Pois bem. Quase 40 anos depois de Pedro Bial, ao vivo, no Jornal Nacional, reportar a queda do muro de Berlim, o mundo surpreende trazendo de volta o ectoplasma de um comunismo extinto para sequestrar corações e mentes impingindo um medo e pavor em adultos ignorantes e letrados nem tanto, da mesma forma como qualquer um de nós tinha, do bicho papão aos 3 anos de idade.
Essa arenga simplista “direita x esquerda” só se justifica em seu sentido original da ocupação geográfica do salão do Palácio de Versalhes durante a Assembleia Nacional Constituinte, logo após a Revolução Francesa. À direita do presidente dos trabalhos sentaram-se os que defendiam o antigo regime absolutista e à esquerda, os que pugnavam pelos ideais revolucionários de liberdade, igualdade e fraternidade.
Nem mesmo esse conceito original é suficiente para arrimar a polarização política que domina a disputa pelo poder em todo o mundo. Incomodar-se com a polarização é negar a possibilidade de posicionamento em um dos polos do espectro ideológico. Sim, até a maior democracia do mundo é bipolar. Desde 1776 os Estados Unidos são comandados ou pelos Democratas ou Republicanos, em eleições realizadas rigorosamente de 4 em 4 anos. É certo que de um ponto para cá as bandeiras foram trocadas. Os republicanos lideraram a luta pela abolição da escravatura lá nos EUA, enquanto os democratas defendiam os interesses dos grandes fazendeiros. Mas isso é outra história e não há no lado de cima de Nostra América esquerda ou direita e sim, direita e centro direita.
A novidade preocupante é o crescimento de uma Extrema Direita fundada na banalização do mal e empoderada pelo voto.

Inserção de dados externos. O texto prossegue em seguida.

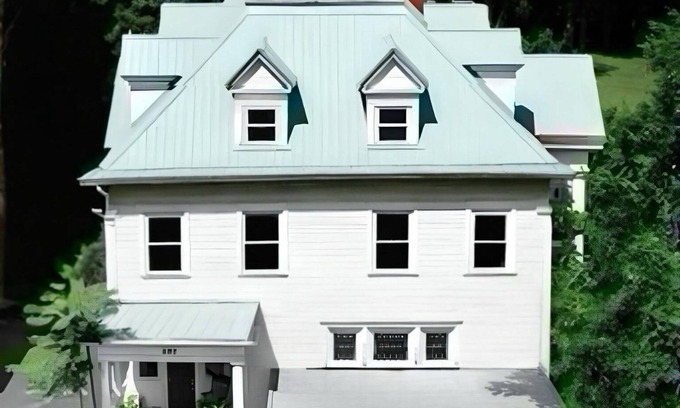 Front Park Casa | Historic Mansion Built in 1896, Pan Am. Expo Era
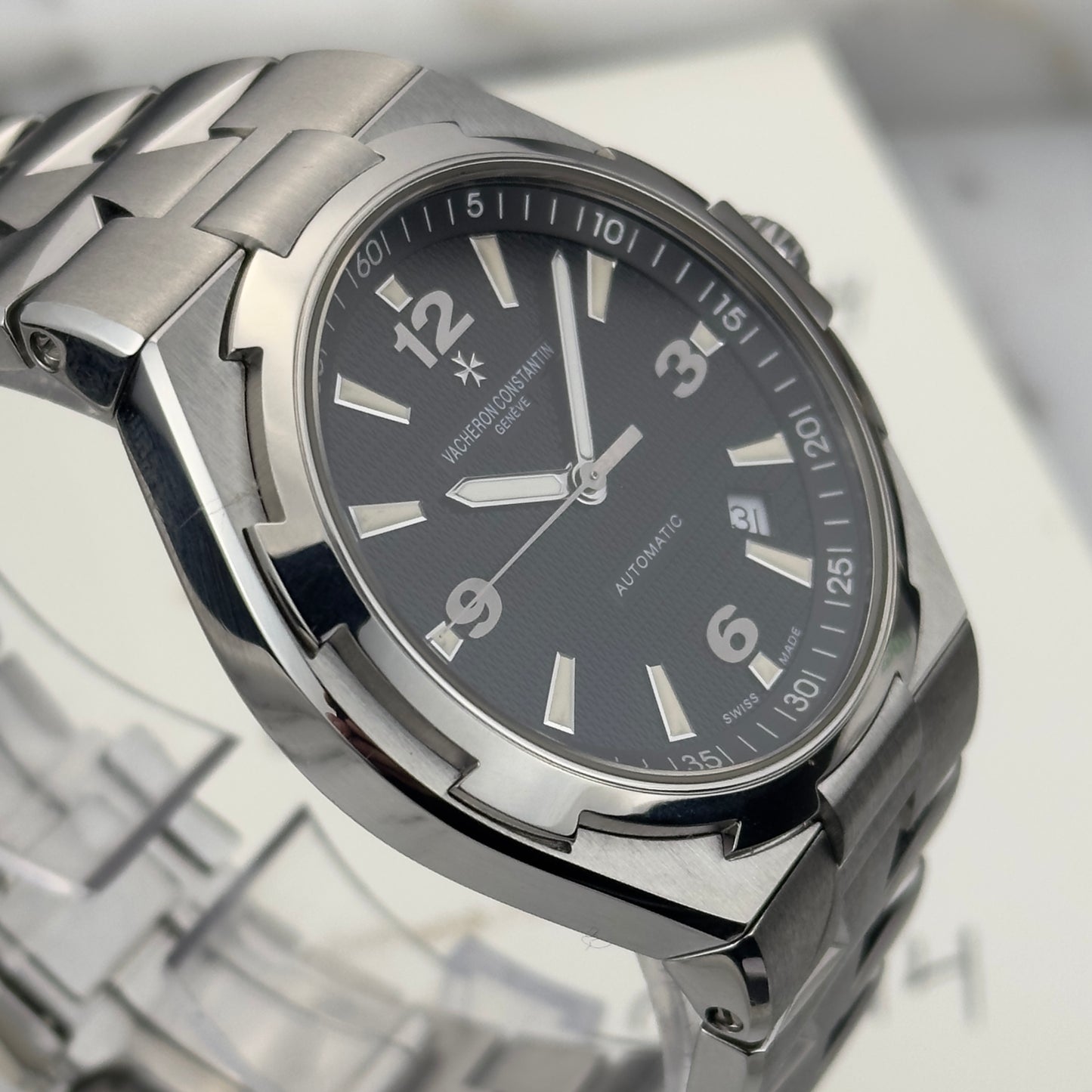 2014 Vacheron Constantin Overseas | 47040/B01A-9094 | Papers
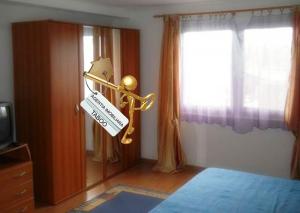 Se vinde o casa cu 6 camere ,   zona Turnisor
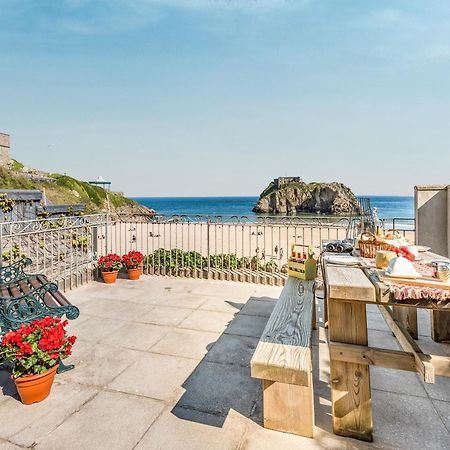 Ocean Waves Villa Тенби Екстериор снимка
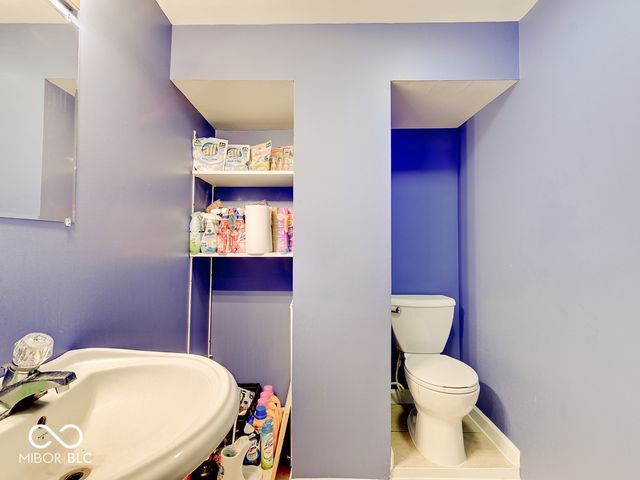 1637 Walpole Lane, Indianapolis, IN 46231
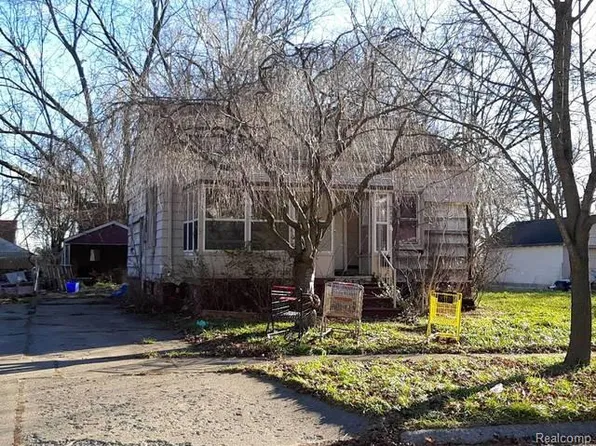 2426 Hoff St, Flint, MI 48506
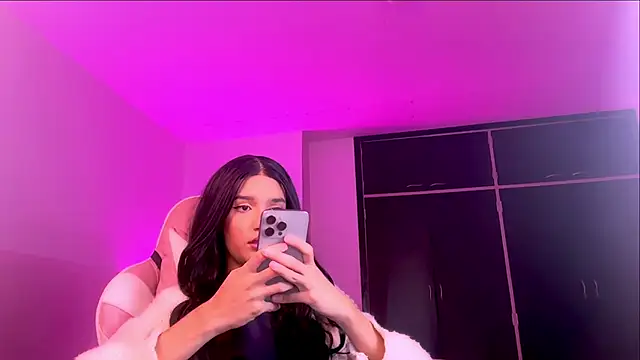 Ainhoads online show from 10.28.25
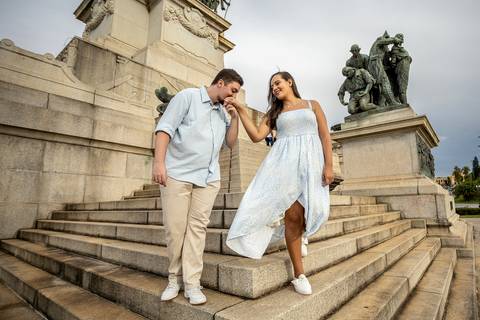 Inspiração e ideias criativas ensaio fotográfico pré casamento pré wedding de casal no Parque da Independência - Ipiranga - SP'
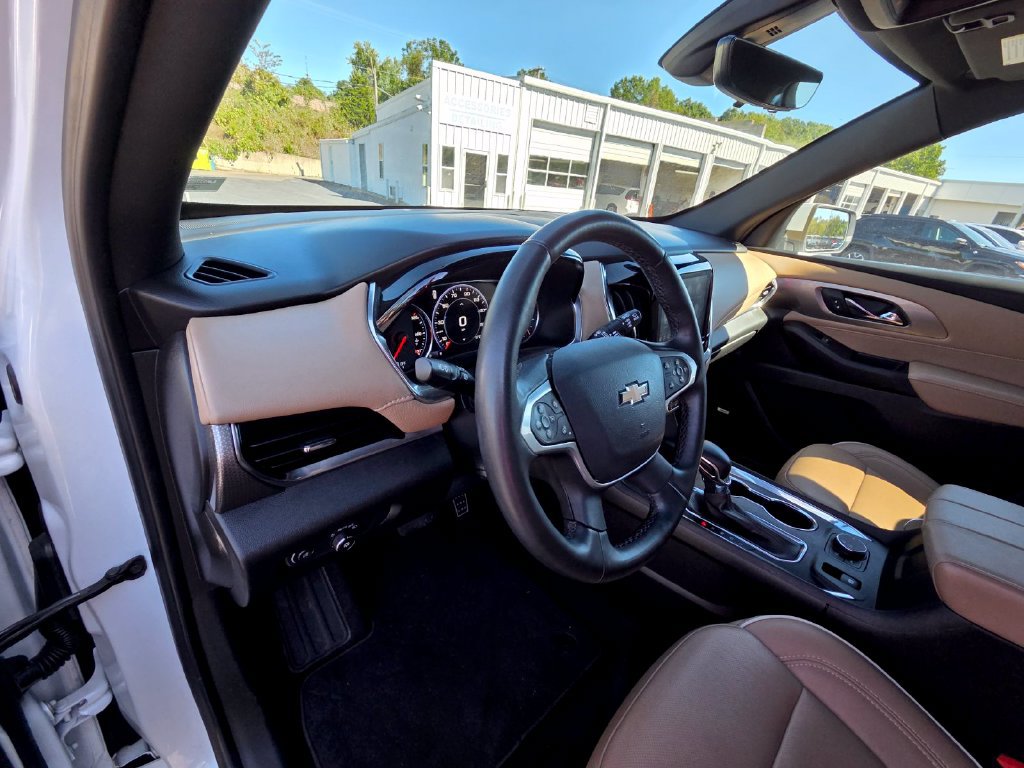 Used 2023 Chevrolet Traverse Premier FWD image 14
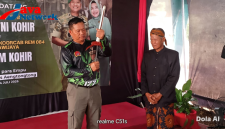 Danrem Brigjen TNI Tohir Saat Membuka Festival Keris Di Desa Aeng Tong-Tong, Sabtu (04/07/2026)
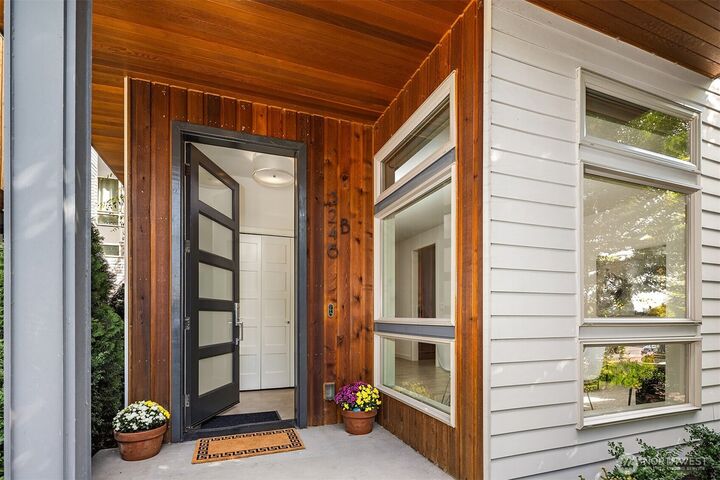 Property Photo:  3246 B  14th Avenue W  WA 98119 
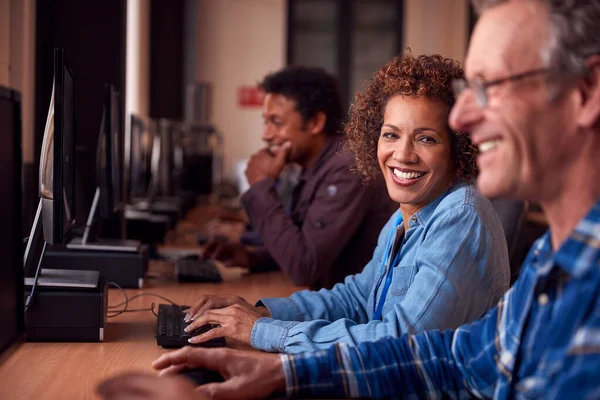 Gruppe Von Reifen Erwachsenen Studenten Der Klasse Arbeiten Computern Der — Stockfoto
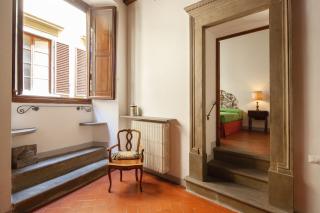 "Aurora" Renaissance Suite, next to Uffizzi, palace from 1400, AC bedrooom, brand new BTH, pivot location walking distance from all - Florenz - 8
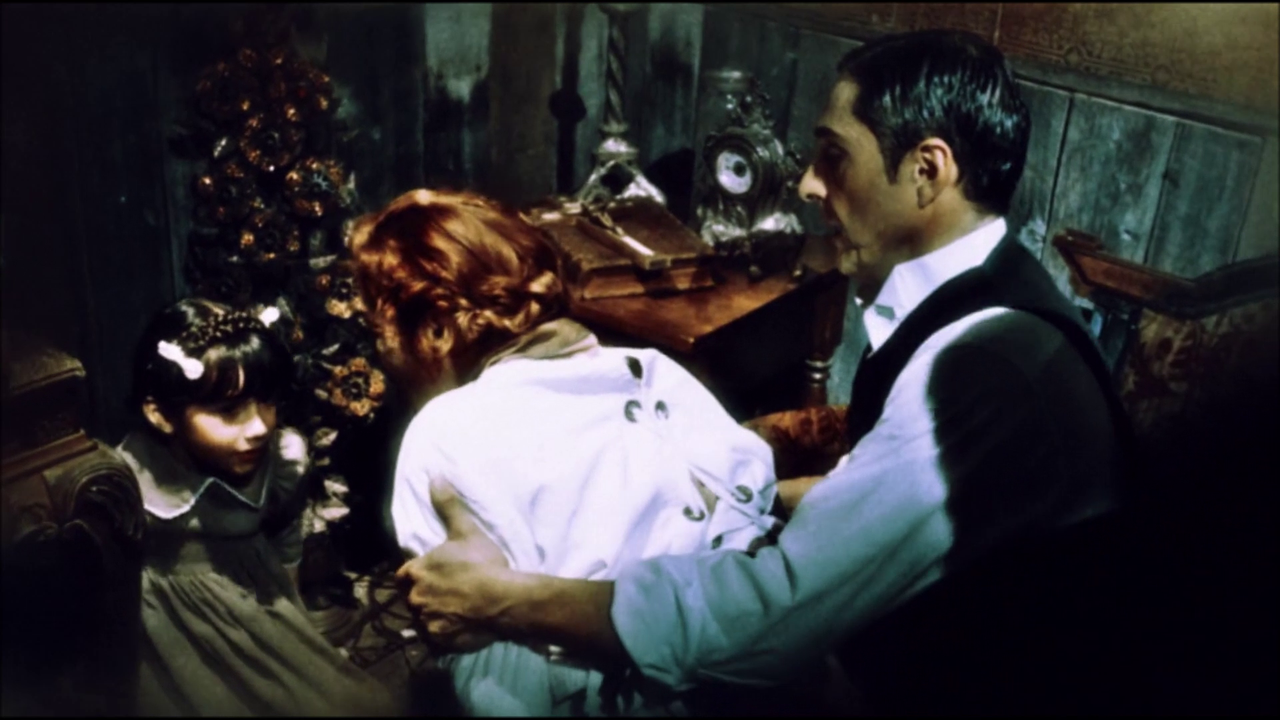 The Forbidden Room (6)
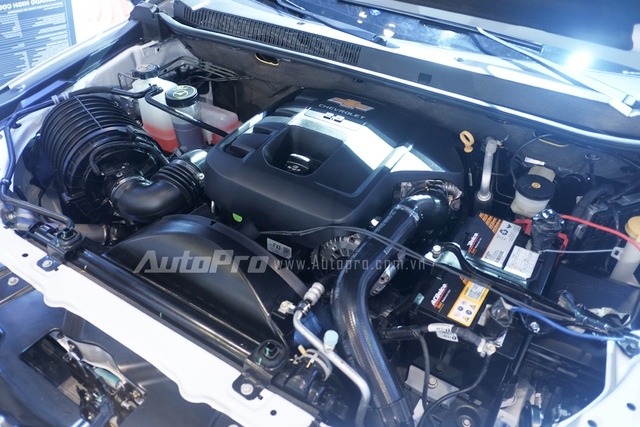 
Chevrolet Colorado High Country trang bị động cơ diesel Duramax, 4 xy-lanh, tăng áp, dung tích 2.8 lít, sản sinh công suất cực đại 193 mã lực tại vòng tua máy 3.600 vòng/phút, mô-men xoắn cực đại 500 Nm. Hộp số tự động 6 cấp.
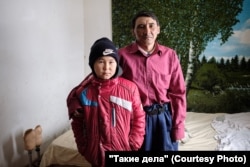 Сергей Сазанаков с сыном. Фото: Виль Равилов для ТД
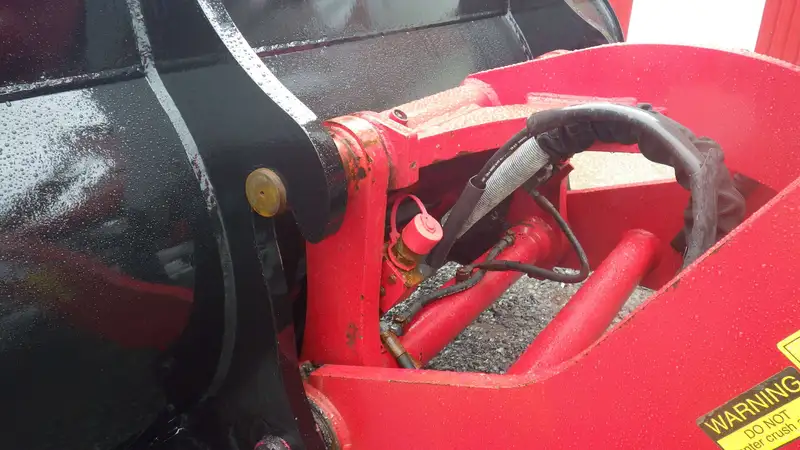 2024 Takeuchi TW95, dovoz Kanada — foto 5 z 12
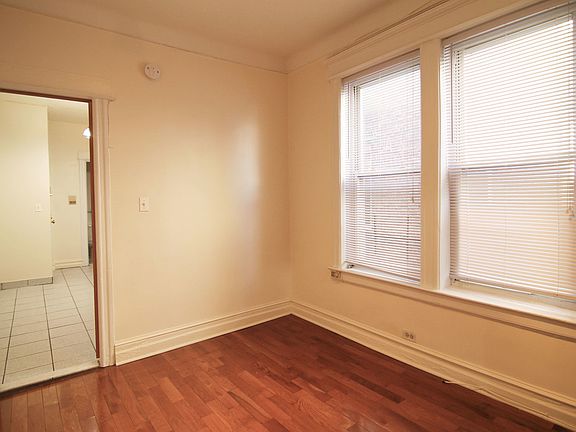3rd image of 24-27 Steinway St #8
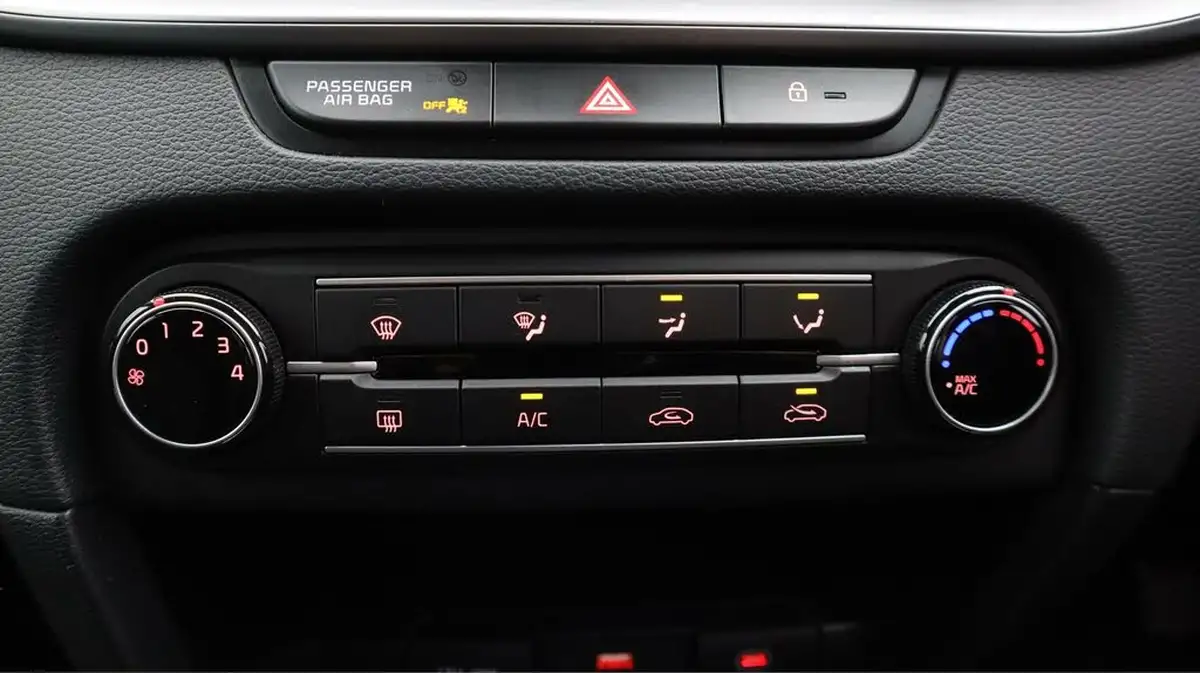 2023-kia-ceed-15-t-gdi-2-158bhp-sportswagon-big-12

E é justamente nesse limbo em que vivemos e cuja nomenclatura ainda há de ser batizada por nossos pósteros que se instala uma certeza confirmada pelos séculos: Donald Trump e seus congêneres que por aí estão e os que ainda estão por vir, assim como seus opostos, serão só mais um grão de areia nessa fantástica ampulheta nas mãos de Chronos.